Monitoring microservices

Overview

Having relevant information about the state of the infrastructure and other systems in a microservices architecture is crucial for ensuring stability, thus keeping the end-user satisfied. Metrics concerning health and performance of the deployments let the team react faster while having a negligible effect on the system.

Systems applying the microservice architecture pattern are harder to monitor, as Kubernetes pods are mortal, therefore a fixed scraping config is off the mark. That's where the service discovery comes in.

This tutorial walks you through building a microservice monitoring solution from scratch with dynamic service discovery inside a Kubernetes cluster using Prometheus and Grafana.

Most monitoring platforms utilize time-series databases, which are intended for storing time-based information, such as application metrics. Some products only manage the database part (e.g. InfluxDB), while Prometheus offers visualization alongside the metrics management. However, it's common to extend its visualization capabilities with Grafana.

So without further ado, let's get started!

Prerequisite

The tutorial assumes that you have a Kubernetes cluster set up and ready-to-go.
Also, it's handy to have a Spring Boot microservice laying around to monitor.

Publishing metrics from Spring Boot applications

Spring Boot's Actuator provides a production-ready solution for shipping sensible default application metrics without any hassle.

Dependencies

Our first step should be adding the required dependencies.

<dependency>  
    <groupId>org.springframework.boot</groupId>
    <artifactId>spring-boot-starter-actuator</artifactId>
</dependency>  
<dependency>  
    <groupId>io.micrometer</groupId>
    <artifactId>micrometer-registry-prometheus</artifactId>
</dependency>  
Configuring Actuator

Actuator exposes some additional information out of the box.
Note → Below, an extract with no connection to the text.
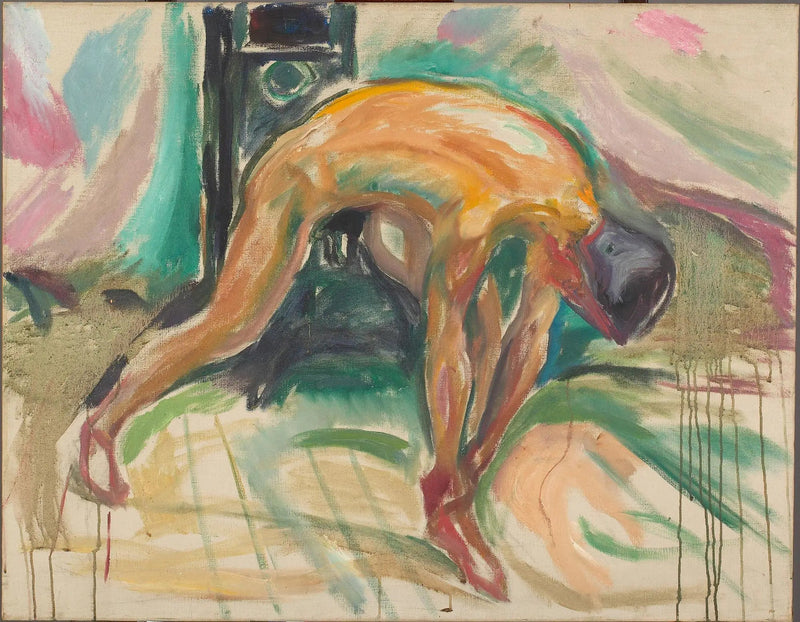 The man no longer holds his ankle - Edvard Munch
To disable these endpoints and include those which are needed in our monitoring setup, add this to your application.yml:

management:  
  endpoints:
    enabled-by-default: false
    web:
      base-path: /status
      exposure:
        include: prometheus, health

In a production environment, it is advised to disable these endpoints, as they might expose details about the system's underlying implementation via various HTTP endpoints. Remapping the base path is optional.

(Optional) Publish custom application name

Some Grafana dashboards provide grouping capabilities if you publish the application name alongside the default metrics.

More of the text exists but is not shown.